De Egyptenaren in het Oude-Rijk oriënteerden hun piramiden naar de vier windstreken. Dit is een feit dat zeker is, we weten alleen niet hoe zij het deden. In alle geval gingen zij zeer nauwkeurig te werk. Het verschil in oriëntering bedroeg hooguit enkele tientallen boogminuten en dan is dat misschien niet eens een echte constructiefout, maar zou dat het gevolg kunnen zijn van de verwaarlozing van de precessie.
Vermits we niet weten hoe zij het deden kunnen we alleen maar gokken en proberen een zo plausibel mogelijke oplossing te vinden. Hieronder trachten we een overzicht te geven van mogelijke methodes en ze te evalueren op hun uitvoerbaarheid met de middelen, waarover de Egyptenaren beschikten.
Op een of andere manier moesten ze één of meerdere windstreken bepalen, een rooilijn uitzetten en zo nauwkeurig mogelijk zware rotsblokken exact op hun plaats brengen.
In dit deel spreken we alleen over het bepalen van een richting en het uitzetten van een rooilijn. De plaatsing van de bouwelementen wordt besproken in het deel over "Faraonische bouwkunst".
Onderstaand papyrus had bijvoorbeeld in de "Faraonische Test-Aankoop" kunnen staan.
Tabel ten behoeve van priesters en architecten voor het oriënteren van piramiden |
---|
Factoren van invloed | ||||||
Methoden toepasbaar in Giza en omstreken | precessie | Δ declinatie |
vlakheid horizon |
rooilijn (lengte & richting) |
||
Ster | culminatie ster | |||||
Zon | culminatie zon | |||||
Ster | ½ Oost-West-extremen ster | |||||
Ster | ½ opkomst / ondergang ster |
|||||
Zon | ½ opkomst / ondergang zon | |||||
Ster | noordwijzer met sterrenkoppel | |||||
Maan, Planeten | niet van toepassing |
Hierna volgt commentaar over de verschillende methoden en de factoren van invloed.
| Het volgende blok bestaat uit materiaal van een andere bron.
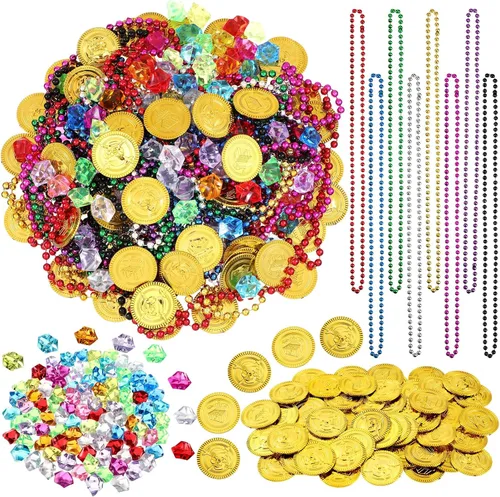 Miniatura 8 de Crowye Juego de 180 monedas falsas del tesoro pirata, gemas de plástico y collar de cuentas, juego de joyas para piratas, aventura, carnaval, Dorado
Vooraleer dit te lezen is het misschien best even de twee volledig uitgewerkte methoden - opkomst en ondergang zon [5] en sterrenkoppel (Kate Spence) [6] - diagonaal te overlezen, want soms verwijzen we hieronder naar die methoden. Later kan men dan die uitgewerkte methoden grondig herlezen.
Oriënteren
"Oriënteren" wil letterlijk zeggen "naar het Oosten richten".
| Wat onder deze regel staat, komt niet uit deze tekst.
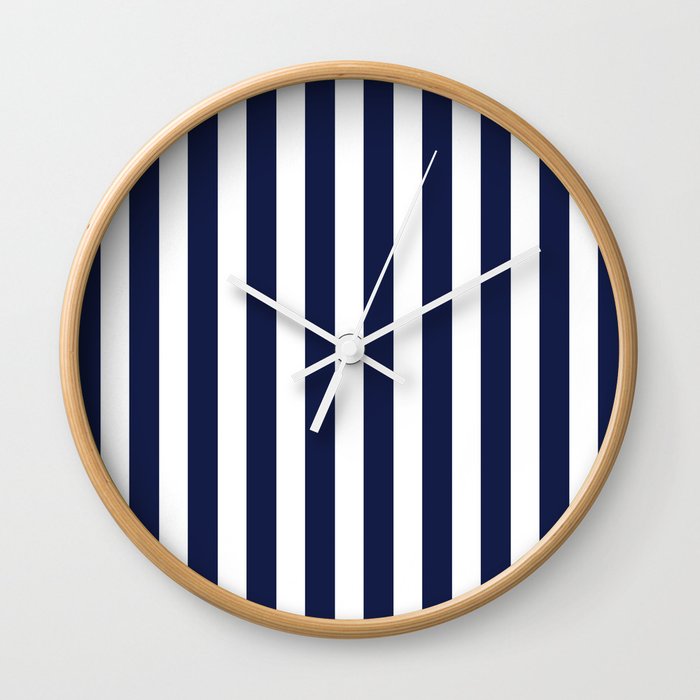 Stripe Vertical Navy Blue Wall Clock by beautifulhomes ... Large round clock originally brought from the range from pet and smoke free home collection from sholing, southampton.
In de praktijk moet dit ruimer opgevat worden. Met het oriënteren van piramiden bedoelen we het richten van hun zijden naar de vier windstreken: Noord, Oost, Zuid en West.
Populaire methoden om de windstreken te bepalen zijn de Poolster (N), de zon op haar hoogste stand (Z) en de zon bij het opstaan (O) of ondergaan (W).
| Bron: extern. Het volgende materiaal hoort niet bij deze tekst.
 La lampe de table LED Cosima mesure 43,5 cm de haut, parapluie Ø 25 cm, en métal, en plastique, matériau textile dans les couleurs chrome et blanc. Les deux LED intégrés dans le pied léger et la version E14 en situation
Die methoden zijn erg benaderend en dikwijls serieus fout. De Poolster wijst maar tweemaal per 24 uur exact het Noorden aan. De zon culmineert alleen bij het begin van de Winter en de Zomer exact in het Zuiden. Alleen bij het begin van de Lente en de Herfst komt de zon exact op in het Oosten en gaat zij exact onder in het Westen. In àlle andere gevallen is het maar ongeveer.
Het volstaat één richting correct te bepalen en de andere, met rechte hoeken en loodlijnen, hieruit af te leiden.
Dus : | Men kan eerst de N-Z-as bepalen en de O-W-as hieruit afleiden, of omgekeerd. |
---|
Nauwkeurigheid en het gemiddelde van waarnemingen
We kunnen er van uitgaan dat de Egyptenaren de zon en de sterren (maan en planeten waarschijnlijk niet) gebruikten om de windstreken te bepalen. Ze deden dat in alle gevallen met het blote oog en zij beschikten niet over precisie-instrumenten als de doorsnee zeeman of amateur-astronoom van vandaag.
De zeeman van vandaag heeft wel precisie-instrumenten ter zijner beschikking, maar meestal heeft hij slechts weinig tijd om een astronomische positie te bepalen en daarbij moet hij dikwijls werken bij ruwe zee, op een stampende en rollende schuit. Als hij, in afstand, een nauwkeurigheid bereikt van 5 mijl, en in peiling, een nauwkeurigheid van 1°, mag hij al zeer tevreden zijn.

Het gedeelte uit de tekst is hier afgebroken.